After graduating with $75,000 in student loan debt, Ryan began a professional career in finance, aggressively saved and invested and became a self-made millennial millionaire in early 2019. He holds a Master's degree in Computational Finance, a Master's degree in Economics, and a Bachelor's degree in Mathematics. His two passions are investing and traveling.

3 thoughts on “Covered Call Strategy For Income: Avoid For These 4 Reasons

  1. For a while I was making money on these and thought it was some brilliant strategy. What you describe is exactly what happened to me and then I was stuck. I wish I would have read this article before giving it a try!

  2. Ryan – superb article on options. Superb. My background is I retired at 58 after holding executive positions in a Fortune 500 firm.
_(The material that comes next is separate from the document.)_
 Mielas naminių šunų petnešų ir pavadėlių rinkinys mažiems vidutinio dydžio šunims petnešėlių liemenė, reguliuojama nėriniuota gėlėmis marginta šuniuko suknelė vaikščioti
I immediate took master’s courses required to sit for the CFP Exam & passed it in 2018. What is your opinion of how I use options below? I’ve been doing this for 6.5 years.

    The covered call / cash covered put approach I employ is to use them as a portfolio rebalancing strategy. Essentially, I see it as getting paid to rebalance. I periodically rebalance the portfolio when it approaches a certain threshold (say 55% – 65% equity + private placements). Since I would rebalance anyway I sell covered calls on a limited portion of the equity portfolio (~20% and on ETF Indexes) at the appropriate time (using differing expirations & strike prices to manage assignment risk) under the assumption that approximately 20% (on a dollar weighted basis) will be called, thereby letting assignments perform the rebalancing for me…all the while collecting a premium to do it. If the calls expire out of the money, then there will have been no need to rebalance anyway and I still collected the premium. Same approach on selling cash-covered puts which I employ if the portfolio falls below 55% Equities / Private Placements.

    Feel free to be honest with you commentary without the need for being overly diplomatic.

    1. Actually I think this is a good idea since you are using options for a purpose. As long as you buy your rebalances on the same day as option expiry so that your cash inlay matches the cash outlay.